Report every line below that has the string "Building" in it.

- [Records]
****************

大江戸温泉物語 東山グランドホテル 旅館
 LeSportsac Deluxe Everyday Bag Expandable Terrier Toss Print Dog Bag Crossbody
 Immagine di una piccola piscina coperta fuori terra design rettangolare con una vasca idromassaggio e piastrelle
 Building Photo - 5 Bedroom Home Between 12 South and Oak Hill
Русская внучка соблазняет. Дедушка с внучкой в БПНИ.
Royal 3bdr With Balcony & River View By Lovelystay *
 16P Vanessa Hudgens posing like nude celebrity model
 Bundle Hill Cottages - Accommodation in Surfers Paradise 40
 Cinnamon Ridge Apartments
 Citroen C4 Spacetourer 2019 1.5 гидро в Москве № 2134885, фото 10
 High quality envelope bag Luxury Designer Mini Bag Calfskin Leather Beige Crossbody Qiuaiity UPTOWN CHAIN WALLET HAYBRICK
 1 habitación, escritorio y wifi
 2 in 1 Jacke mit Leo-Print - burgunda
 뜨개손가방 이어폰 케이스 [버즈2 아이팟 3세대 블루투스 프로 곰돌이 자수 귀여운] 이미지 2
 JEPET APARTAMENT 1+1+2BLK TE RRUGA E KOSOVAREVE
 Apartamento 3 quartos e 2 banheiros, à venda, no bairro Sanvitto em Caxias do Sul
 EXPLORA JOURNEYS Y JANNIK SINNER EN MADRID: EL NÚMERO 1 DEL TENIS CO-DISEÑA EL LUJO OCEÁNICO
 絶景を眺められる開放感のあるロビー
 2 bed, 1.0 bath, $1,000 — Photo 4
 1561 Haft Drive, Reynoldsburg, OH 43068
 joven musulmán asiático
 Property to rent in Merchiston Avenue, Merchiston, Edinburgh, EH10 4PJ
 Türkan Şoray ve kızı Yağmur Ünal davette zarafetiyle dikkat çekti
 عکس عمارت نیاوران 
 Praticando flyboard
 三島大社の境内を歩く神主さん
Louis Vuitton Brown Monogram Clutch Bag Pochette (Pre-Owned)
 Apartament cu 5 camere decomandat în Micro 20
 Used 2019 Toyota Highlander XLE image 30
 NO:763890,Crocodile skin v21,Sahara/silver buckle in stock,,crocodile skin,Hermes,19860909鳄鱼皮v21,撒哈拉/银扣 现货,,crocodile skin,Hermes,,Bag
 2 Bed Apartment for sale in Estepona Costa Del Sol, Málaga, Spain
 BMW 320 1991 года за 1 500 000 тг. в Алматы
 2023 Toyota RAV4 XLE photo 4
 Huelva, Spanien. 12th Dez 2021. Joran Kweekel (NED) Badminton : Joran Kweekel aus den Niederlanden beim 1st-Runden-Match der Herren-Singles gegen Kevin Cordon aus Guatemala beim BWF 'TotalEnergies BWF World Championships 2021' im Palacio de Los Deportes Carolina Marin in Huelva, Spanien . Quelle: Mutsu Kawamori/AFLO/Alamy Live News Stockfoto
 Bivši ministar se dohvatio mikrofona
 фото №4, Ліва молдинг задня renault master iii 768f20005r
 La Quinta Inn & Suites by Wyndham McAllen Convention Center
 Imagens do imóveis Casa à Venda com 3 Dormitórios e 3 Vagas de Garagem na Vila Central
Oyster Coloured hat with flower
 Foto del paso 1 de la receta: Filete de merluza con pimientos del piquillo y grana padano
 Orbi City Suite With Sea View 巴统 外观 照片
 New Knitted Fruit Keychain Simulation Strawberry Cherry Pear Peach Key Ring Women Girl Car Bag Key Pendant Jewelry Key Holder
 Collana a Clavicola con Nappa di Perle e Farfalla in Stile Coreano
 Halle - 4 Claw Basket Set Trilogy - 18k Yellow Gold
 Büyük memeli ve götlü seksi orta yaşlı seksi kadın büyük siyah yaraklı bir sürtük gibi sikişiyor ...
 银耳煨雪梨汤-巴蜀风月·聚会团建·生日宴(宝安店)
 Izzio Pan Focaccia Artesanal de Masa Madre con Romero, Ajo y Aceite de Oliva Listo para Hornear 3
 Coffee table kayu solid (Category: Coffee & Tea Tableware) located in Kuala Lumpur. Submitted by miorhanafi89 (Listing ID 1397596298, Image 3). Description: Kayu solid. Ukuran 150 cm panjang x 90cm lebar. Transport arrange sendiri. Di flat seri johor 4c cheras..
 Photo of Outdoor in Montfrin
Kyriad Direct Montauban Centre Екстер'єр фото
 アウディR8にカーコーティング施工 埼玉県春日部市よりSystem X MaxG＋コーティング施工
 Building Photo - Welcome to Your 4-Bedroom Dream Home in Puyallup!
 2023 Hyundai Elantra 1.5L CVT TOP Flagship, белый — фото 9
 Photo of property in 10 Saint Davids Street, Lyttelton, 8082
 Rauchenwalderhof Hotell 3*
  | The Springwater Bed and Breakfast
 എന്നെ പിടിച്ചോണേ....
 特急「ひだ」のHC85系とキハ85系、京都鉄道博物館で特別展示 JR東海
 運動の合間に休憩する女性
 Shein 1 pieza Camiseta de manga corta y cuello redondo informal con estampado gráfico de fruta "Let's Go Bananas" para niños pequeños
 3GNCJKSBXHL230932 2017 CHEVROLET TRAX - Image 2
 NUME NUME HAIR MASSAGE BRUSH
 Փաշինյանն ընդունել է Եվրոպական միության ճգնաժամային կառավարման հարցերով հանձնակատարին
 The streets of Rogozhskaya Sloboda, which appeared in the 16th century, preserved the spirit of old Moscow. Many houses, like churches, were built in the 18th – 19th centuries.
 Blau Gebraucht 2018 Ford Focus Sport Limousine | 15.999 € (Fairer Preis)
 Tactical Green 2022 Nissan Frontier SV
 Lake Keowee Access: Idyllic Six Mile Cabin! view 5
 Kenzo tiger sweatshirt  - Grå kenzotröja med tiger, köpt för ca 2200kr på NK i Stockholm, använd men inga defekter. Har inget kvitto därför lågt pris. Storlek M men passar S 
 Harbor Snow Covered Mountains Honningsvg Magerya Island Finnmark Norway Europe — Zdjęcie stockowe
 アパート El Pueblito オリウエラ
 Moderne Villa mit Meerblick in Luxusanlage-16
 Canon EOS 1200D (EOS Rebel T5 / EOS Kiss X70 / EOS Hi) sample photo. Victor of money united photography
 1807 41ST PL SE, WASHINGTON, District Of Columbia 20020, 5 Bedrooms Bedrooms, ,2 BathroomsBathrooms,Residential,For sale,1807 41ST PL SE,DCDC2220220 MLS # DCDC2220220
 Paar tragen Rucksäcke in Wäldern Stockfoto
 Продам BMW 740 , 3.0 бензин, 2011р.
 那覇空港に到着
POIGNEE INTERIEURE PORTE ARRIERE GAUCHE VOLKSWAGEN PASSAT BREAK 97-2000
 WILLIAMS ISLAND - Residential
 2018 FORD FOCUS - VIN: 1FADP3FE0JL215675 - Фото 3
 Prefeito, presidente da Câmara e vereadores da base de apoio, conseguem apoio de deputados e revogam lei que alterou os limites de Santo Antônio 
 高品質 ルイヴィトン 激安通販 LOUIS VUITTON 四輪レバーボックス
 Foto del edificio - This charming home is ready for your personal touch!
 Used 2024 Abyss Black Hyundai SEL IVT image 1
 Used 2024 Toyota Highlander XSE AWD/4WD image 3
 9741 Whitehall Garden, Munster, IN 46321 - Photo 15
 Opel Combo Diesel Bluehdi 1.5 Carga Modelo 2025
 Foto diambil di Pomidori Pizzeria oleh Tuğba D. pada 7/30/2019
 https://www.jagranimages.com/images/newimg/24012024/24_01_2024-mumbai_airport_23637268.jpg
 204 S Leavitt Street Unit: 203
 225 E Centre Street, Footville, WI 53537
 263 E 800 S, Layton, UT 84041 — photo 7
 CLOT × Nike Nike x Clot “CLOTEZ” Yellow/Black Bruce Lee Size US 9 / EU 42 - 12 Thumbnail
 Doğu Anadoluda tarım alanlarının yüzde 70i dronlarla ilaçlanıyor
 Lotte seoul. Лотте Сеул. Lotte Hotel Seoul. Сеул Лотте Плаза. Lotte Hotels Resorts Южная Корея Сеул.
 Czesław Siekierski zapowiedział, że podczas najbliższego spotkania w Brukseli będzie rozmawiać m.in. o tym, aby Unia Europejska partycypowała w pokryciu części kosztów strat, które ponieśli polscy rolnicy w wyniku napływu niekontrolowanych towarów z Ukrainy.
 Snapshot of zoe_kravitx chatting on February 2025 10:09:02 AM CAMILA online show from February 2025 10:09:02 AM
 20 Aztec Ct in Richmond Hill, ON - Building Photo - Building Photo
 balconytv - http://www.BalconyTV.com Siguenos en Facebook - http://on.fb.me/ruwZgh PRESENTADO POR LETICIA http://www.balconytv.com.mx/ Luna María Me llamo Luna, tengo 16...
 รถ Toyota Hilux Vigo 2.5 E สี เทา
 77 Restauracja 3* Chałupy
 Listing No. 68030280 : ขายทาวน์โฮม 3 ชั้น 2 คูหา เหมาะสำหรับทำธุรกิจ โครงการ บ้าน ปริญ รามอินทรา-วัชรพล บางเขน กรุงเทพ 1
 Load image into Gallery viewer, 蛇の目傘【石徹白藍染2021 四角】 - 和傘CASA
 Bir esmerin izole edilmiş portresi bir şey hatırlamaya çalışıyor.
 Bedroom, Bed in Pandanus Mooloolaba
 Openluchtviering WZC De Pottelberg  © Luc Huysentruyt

****************

- [Exercise response]
 Building Photo - 5 Bedroom Home Between 12 South and Oak Hill
 Building Photo - Welcome to Your 4-Bedroom Dream Home in Puyallup!
 20 Aztec Ct in Richmond Hill, ON - Building Photo - Building Photo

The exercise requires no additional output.